10 Lessons from 10 Years of Writing
Recently, a reader asked me if I had any tips on being a writer.
I never considered myself a “writer” (most writers don’t), even though I have been publishing online in various forms for the last 10 years.
The question forced me to think. I started writing, so I could think (see #2 below).
When I finished typing a reply, I noticed I had written a short essay on lessons about the craft of writing.
So here’s what I learned throughout 10 years of writing:
1. Write for Yourself
When I started writing, I wrote for myself. To this day, I continue to think that.
Some people will find it interesting. Some won’t. Such is life. Either way, I’ve said what I wanted to say.
Here’s the irony:
By writing for yourself, you’re more likely to write something others love. Readers are smart. They can feel the authenticity of your writing. And the best way to be authentic is to write for yourself.
Another benefit of writing for yourself is that the process of writing is the reward itself. You’ll begin to ( gasp!) love writing.
If you love something, you’ll keep doing it. It’s human nature.

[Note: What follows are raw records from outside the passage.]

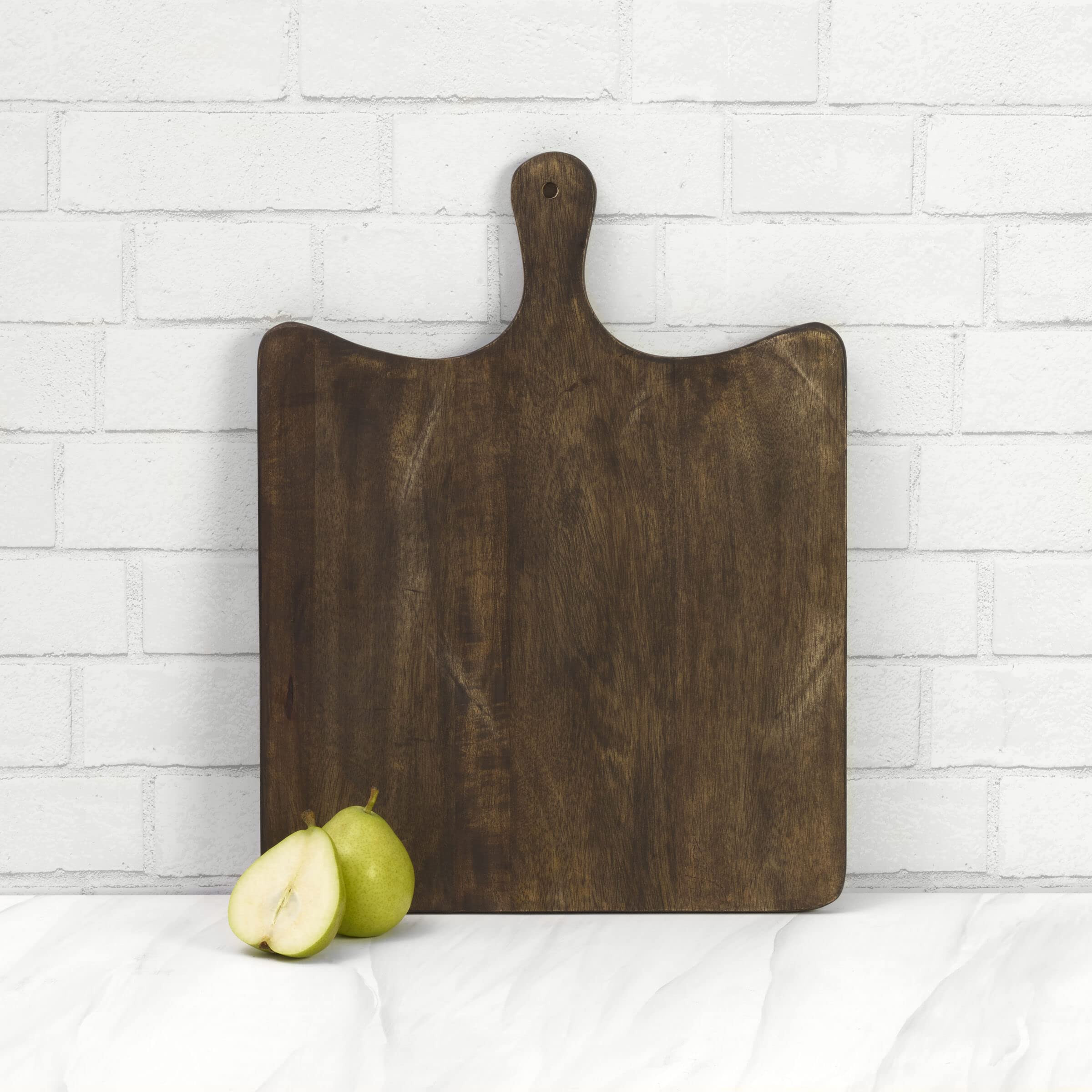 Fitz & Floyd Fitz and Floyd Austin Craft Maryn Mango Wood Paddle Cheese Charcuterie Serving Board, 18-Inch, Espresso | Amazon (US)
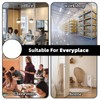 Flexible Rubber Door Stopper Wedge - Stackable Furniture Leveling Shims
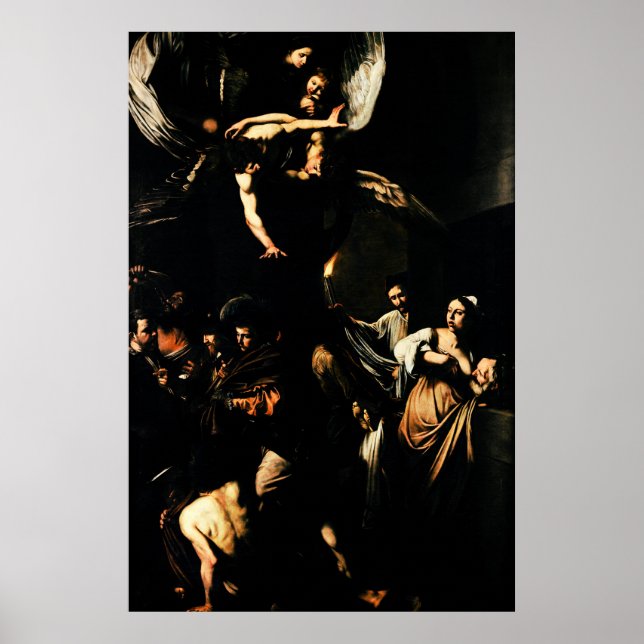 Poster Caravaggio: As Sete Obras do Compaixão (Frente)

And that’s how you write every day, for years.
2. Write to Think
Most people believe you have to think and then write.
Writing is thinking.
Putting words on the screen is a tool to disentangle your thoughts. Use it to try to understand the world better.
As you’re typing, your brain becomes curious. You might start with a topic in mind but at some point, the essay gains a life of its own. It becomes a magical creature, pushing you to new paths and ideas. Follow that curiosity. Writing is a process of self-discovery.
Who cares if the published essay is different from what you started with?